These instructions are meant to be used together with a live presentation. The slides are included in the Github reporistory (https://raw.githubusercontent.com/nryeng/abakus-v20/master/modern-sql-in-mysql.pdf).
This training course will show you how to use JSON, CTEs and window functions in MySQL. As a finishing touch, if we have time, we'll finish with some geographical data.
This training session assumes that you're using MySQL 8.0.18 or newer. It has not been tested with older versions.
Download the file dataset.sql
(https://raw.githubusercontent.com/nryeng/abakus-v20/master/dataset.sql)
from the Github repository and put it on your hard drive (/tmp
, or
C:\
on Windows).
Start the MySQL client and load the data set: source /tmp/dataset.sql
(or source C:\dataset.sql
on Windows)
Let's examine the data set:
-
SHOW TABLES;
-
SHOW CREATE TABLE employees;
-
SELECT * FROM employees;
-
SHOW CREATE TABLE courses;
-
SELECT * FROM courses;
-
SHOW CREATE TABLE prerequisites;
-
SELECT * FROM prerequisites;
-
SHOW CREATE TABLE students;
-
SELECT * FROM students;
or maybeSELECT id, JSON_PRETTY(doc) FROM students\G
is easier to read.
Use CTEs to give name to a query:
WITH course_info AS (
SELECT
id AS course_id,
courses.name AS course_name,
employees.number AS lecturer_id,
employees.name AS lecturer_name
FROM courses, employees
WHERE lecturer = number
)
SELECT * FROM course_info WHERE lecturer_name = 'Bob';
We want to find the reporting chain for all employees.
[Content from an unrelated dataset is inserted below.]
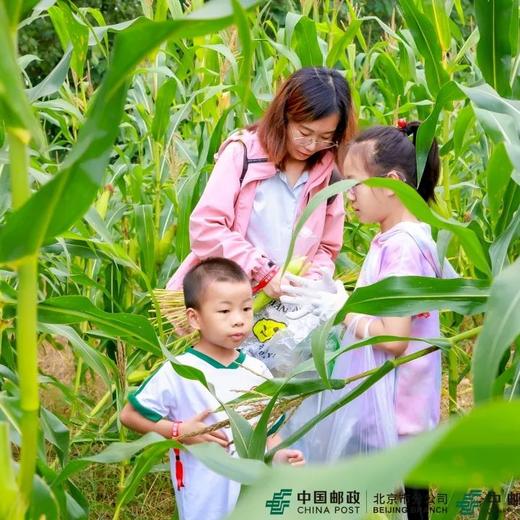 【2小时公益时长】穿越玉米迷宫寻宝、采摘扮嫩老玉米、鸭子大作战，做快乐小农人 商品图1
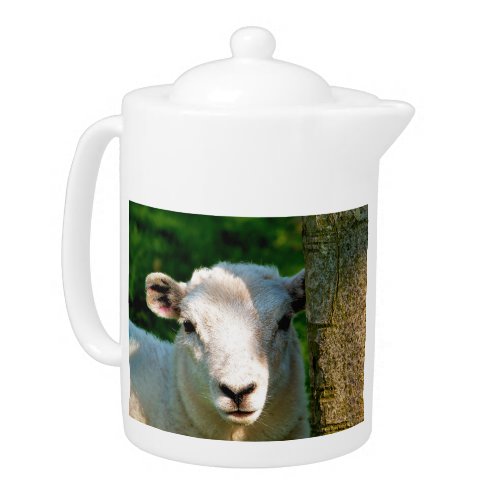 CUTE LITTLE SHEEP TEAPOT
It's straight forward to find everyone who reports directly to a particular manager:
SELECT name
FROM employees
WHERE
manager = (SELECT number FROM employees WHERE name = 'Betty');
If we want to find the entire hierarchy under the manager, we have to use a recursive CTE:
WITH RECURSIVE subordinates AS (
SELECT number, name
FROM employees
WHERE
manager = (SELECT number FROM employees WHERE name = 'Betty')
UNION ALL
SELECT e.number, e.name
FROM employees e JOIN subordinates s ON e.manager = s.number
)
SELECT name FROM subordinates;
We can use this to find the reporting chain for all employees:
WITH RECURSIVE emps AS (
SELECT number, name, manager, name AS reporting_chain
FROM employees
WHERE manager IS NULL
UNION ALL
SELECT
e.number,
e.name,
e.manager,
CONCAT(e.name, ', ', m.reporting_chain)
FROM employees AS e JOIN emps AS m ON e.manager = m.number
)
SELECT * FROM emps;
Window functions (https://dev.mysql.com/doc/refman/8.0/en/window-functions.html) compute one value using a number of rows as input. It can look at rows before and after the current row.
SELECT
name,
dept_id,
salary,
SUM(salary) OVER (PARTITION BY dept_id) AS dept_total
FROM employees
ORDER BY dept_id, name;
We'll use the ->>
operator to extract data from the JSON document in
the students
table. The operator takes a JSON value (e.g., a JSON
column) on its left hand side and a JSON path string on the right hand
side. The JSON path syntax
(https://dev.mysql.com/doc/refman/8.0/en/json.html#json-path-syntax)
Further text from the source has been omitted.